The bottom line is you'll pay much more per month to purchase than to lease, especially if you shop for lease specials that come out from time to time. And very few people keep cars the 6-7 years needed to pay them off. So you're never really purchasing anything - just doing a different mode of finacing which costs you more per month. And when you trade in, you don't make any money. You typically lose about as much or more money in depreciation as lease people do in making payments - what's the difference? For 90%+ of us, car payments are just a fact of life, so why pay more per month just to say "I'm buying this, but the bank still owns it!"

Lease unless you drive 20,000+ a year or you're a rare bird who pays off a car and keeps it 8-10 years. And if the "lease" word bothers you, think of it as "option buying".....you can always purchase the car at a depreciated price at lease-end if you really want. The only problem is you'll again be paying more per month to purchase your used car with a 3-year note than you would to lease a new one!
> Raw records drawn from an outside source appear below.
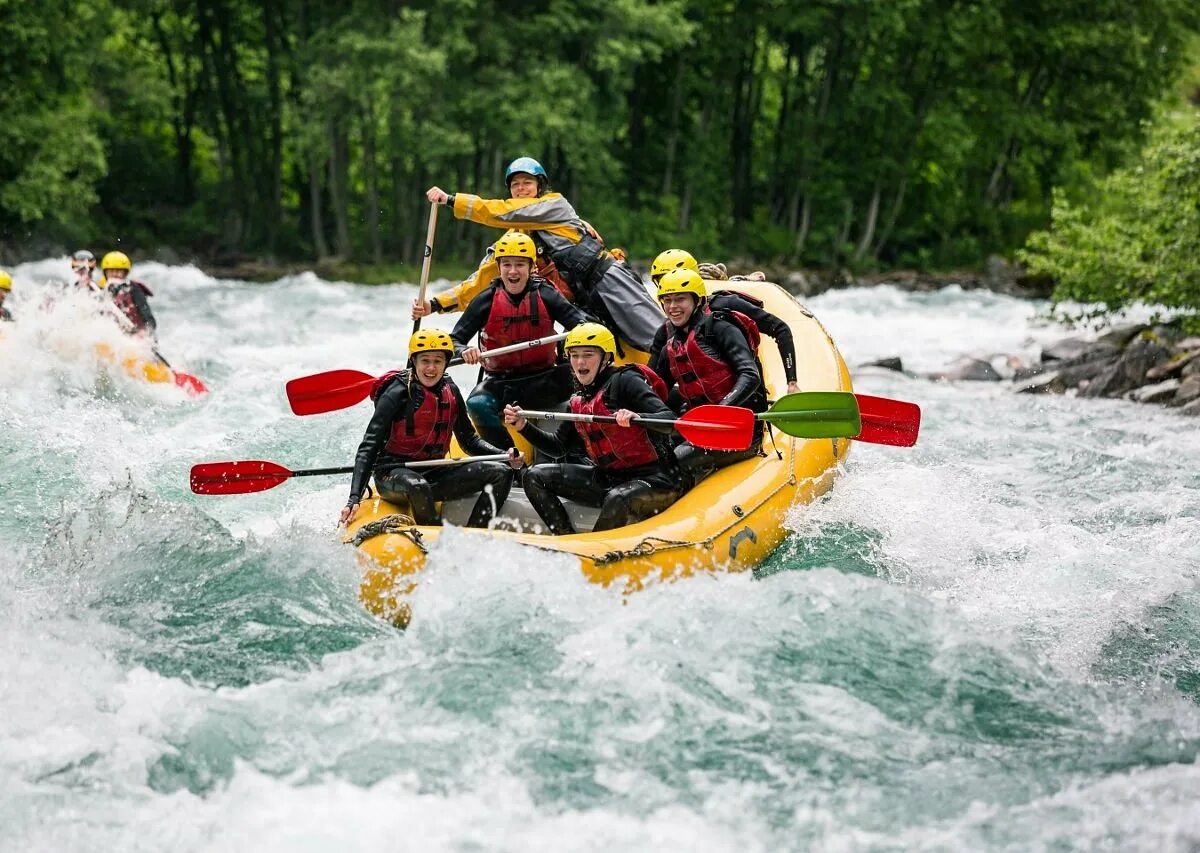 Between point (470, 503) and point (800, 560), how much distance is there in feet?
5.14

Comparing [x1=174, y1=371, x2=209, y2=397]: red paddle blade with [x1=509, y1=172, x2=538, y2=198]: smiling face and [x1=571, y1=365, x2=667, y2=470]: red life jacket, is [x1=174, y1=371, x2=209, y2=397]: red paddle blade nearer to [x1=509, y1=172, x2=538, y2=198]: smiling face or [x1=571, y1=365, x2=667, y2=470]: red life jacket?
[x1=509, y1=172, x2=538, y2=198]: smiling face

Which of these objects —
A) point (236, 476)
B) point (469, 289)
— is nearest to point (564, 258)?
point (469, 289)

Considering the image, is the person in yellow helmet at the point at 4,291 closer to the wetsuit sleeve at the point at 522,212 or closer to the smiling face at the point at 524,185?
the wetsuit sleeve at the point at 522,212

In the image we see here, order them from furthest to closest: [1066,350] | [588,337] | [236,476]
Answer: [1066,350]
[236,476]
[588,337]

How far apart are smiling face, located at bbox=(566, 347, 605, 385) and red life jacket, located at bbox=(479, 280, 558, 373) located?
2.47ft

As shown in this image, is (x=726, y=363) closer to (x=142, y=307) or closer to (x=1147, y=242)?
(x=142, y=307)

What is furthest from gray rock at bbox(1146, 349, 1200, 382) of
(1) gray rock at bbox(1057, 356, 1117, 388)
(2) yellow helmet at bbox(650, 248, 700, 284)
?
(2) yellow helmet at bbox(650, 248, 700, 284)

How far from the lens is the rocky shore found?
1153cm

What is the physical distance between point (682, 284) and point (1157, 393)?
6.71m

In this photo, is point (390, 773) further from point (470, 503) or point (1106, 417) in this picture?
point (1106, 417)

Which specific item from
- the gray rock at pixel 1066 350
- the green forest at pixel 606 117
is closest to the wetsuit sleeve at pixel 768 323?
the gray rock at pixel 1066 350

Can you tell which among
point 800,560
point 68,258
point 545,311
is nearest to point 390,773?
point 800,560

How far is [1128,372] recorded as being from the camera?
1212 cm

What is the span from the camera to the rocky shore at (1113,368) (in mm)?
11531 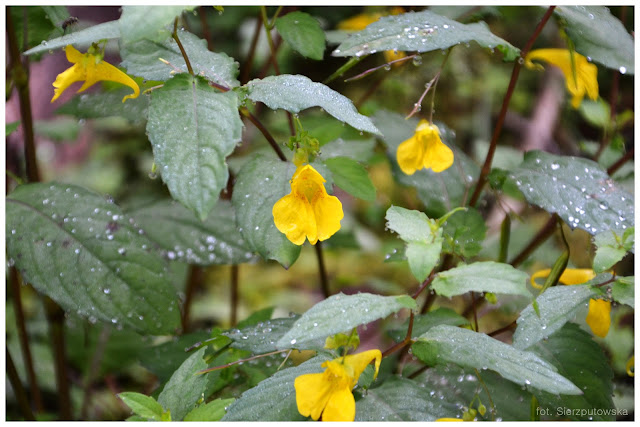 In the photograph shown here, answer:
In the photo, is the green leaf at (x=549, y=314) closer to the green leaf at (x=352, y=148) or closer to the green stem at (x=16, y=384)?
the green leaf at (x=352, y=148)

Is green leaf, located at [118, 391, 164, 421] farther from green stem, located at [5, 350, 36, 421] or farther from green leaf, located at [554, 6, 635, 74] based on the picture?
green leaf, located at [554, 6, 635, 74]

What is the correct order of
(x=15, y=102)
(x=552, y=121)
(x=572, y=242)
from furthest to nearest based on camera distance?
(x=552, y=121)
(x=572, y=242)
(x=15, y=102)

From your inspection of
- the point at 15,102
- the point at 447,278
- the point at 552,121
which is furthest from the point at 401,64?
the point at 552,121

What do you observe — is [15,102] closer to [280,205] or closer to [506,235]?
[280,205]

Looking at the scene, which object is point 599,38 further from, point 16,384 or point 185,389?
point 16,384

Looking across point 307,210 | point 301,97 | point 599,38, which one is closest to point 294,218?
point 307,210

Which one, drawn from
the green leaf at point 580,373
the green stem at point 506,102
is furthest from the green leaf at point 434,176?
the green leaf at point 580,373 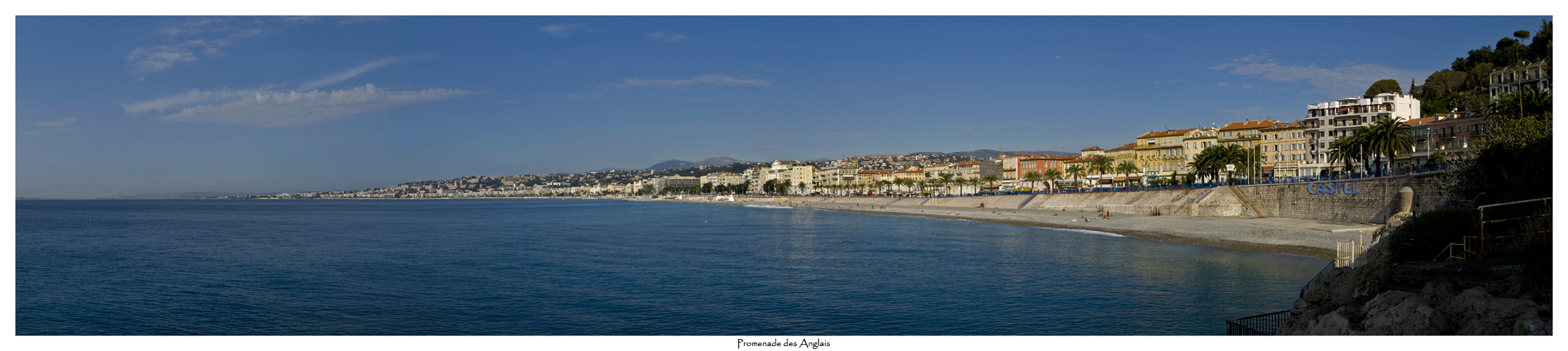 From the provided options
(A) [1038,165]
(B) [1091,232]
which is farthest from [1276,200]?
(A) [1038,165]

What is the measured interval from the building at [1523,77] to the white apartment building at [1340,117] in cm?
1018

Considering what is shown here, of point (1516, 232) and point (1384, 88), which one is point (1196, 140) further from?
point (1516, 232)

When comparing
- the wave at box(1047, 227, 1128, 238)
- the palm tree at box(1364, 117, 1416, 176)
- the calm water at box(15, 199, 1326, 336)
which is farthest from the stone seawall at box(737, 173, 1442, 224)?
the wave at box(1047, 227, 1128, 238)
The only thing you have to gain by purchasing is being able to say "That 7-year-old beauty out front is ALL mine!" If that turns you on, go ahead.


----------



## Dave 330i (Jan 4, 2002)

I have the pick slip.


----------



## Moderato (Nov 24, 2003)

PFBailey said:


> Lots of math, but not much logic.
> 
> The bottom line is you'll pay much more per month to purchase than to lease, especially if you shop for lease specials that come out from time to time. And very few people keep cars the 6-7 years needed to pay them off. So you're never really purchasing anything - just doing a different mode of finacing which costs you more per month. And when you trade in, you don't make any money. You typically lose about as much or more money in depreciation as lease people do in making payments - what's the difference? For 90%+ of us, car payments are just a fact of life, so why pay more per month just to say "I'm buying this, but the bank still owns it!"
> 
> ...


I've thought about this too. Let's say you buy a 42K car cash and keep it for 10 years and drive it for 13.5K miles per year. How much would a 42K car be worth after 10 years with 135,000 miles? I'm guessing 5K. How much would you have spent in repairs during the last 6 years of ownership? Lets say on average 6K for the last 6 years. OK, do the math and that works out to be 42K - 5K (sale price) + 6K (maintenance cost) = a cost of ownership over 10 years to be 43K. (not counting insurance & property tax if your state has that). 43,000 / 120 months = $358.33 per month. So if you buy a brand new car and keep it for 10 years and then sell it, it will be cheaper then leasing.  If it's worth another 150 - 300 per month to always have a new BMW in your garage, then lease or sell it early.


----------



## mhiggi02 (Jan 8, 2005)

Alamo said:


> Buy, pre-owned Certified. Let someone else take the hit and you still get the warranty


Ditto :thumbup:


----------



## PFBailey (Jan 9, 2005)

*Leasing vs. Buying*



Moderato said:


> I've thought about this too. Let's say you buy a 42K car cash and keep it for 10 years and drive it for 13.5K miles per year. How much would a 42K car be worth after 10 years with 135,000 miles? I'm guessing 5K. How much would you have spent in repairs during the last 6 years of ownership? Lets say on average 6K for the last 6 years. OK, do the math and that works out to be 42K - 5K (sale price) + 6K (maintenance cost) = a cost of ownership over 10 years to be 43K. (not counting insurance & property tax if your state has that). 43,000 / 120 months = $358.33 per month. So if you buy a brand new car and keep it for 10 years and then sell it, it will be cheaper then leasing.  If it's worth another 150 - 300 per month to always have a new BMW in your garage, then lease or sell it early.


==================
I agree Moderato, it just ain't worth it! And since nobody pays cash, you have to count interest for a 5-6 year loan......so $42K is more like $46K. So that's nearly $400 a month to avoid leasing for....$400 a month!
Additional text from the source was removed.